The early editions of this book assumed you knew how to do genealogy but not how to use the Internet. Since that time, commercial online services and the Internet have added, expanded, revised, and changed what they offer, as well as how and when they offer it. From having to use a dial-up connection over a modem in 1992 to cable and satellite connections to today’s iPhone, we’ve come a long way. In fact, it has become almost impossible to escape the Internet. We’ve all had a chance to surf on the Net without a life jacket. Therefore, the current iteration assumes you know most Internet technologies and programs, and that you want to know how to use them to do your genealogy.

The potential for finding clues, data, and other researchers looking for your same family names has increased exponentially since the last edition of this book was published. Since 2002, push technology, streaming video, blogs, podcasts, and indexed document scans have radically changed what can be found on the Internet and how we search for it. If you feel you need formal instruction, online courses, from basic self-paced text to college-level instruction, the Internet can now make that happen.
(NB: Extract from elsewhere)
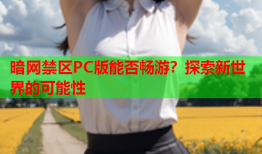 暗网禁区PC版能否畅游？探索新世界的可能性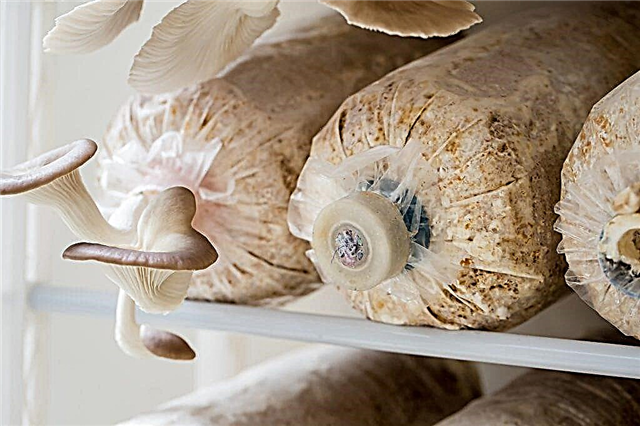 Crescente micélio de cogumelo-ostra em casa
You must remember to judge each  genealogy source you find critically and carefully. Compare it to what you have proven with your own research. Look for the original records cited in an online genealogy to see if they have been interpreted correctly (remember the lesson about census records in Chapter 1!)  Most of all, look for application to your genealogy. How helpful is it?

In short, online genealogy has never been better and it’s a good time to try your hand at it!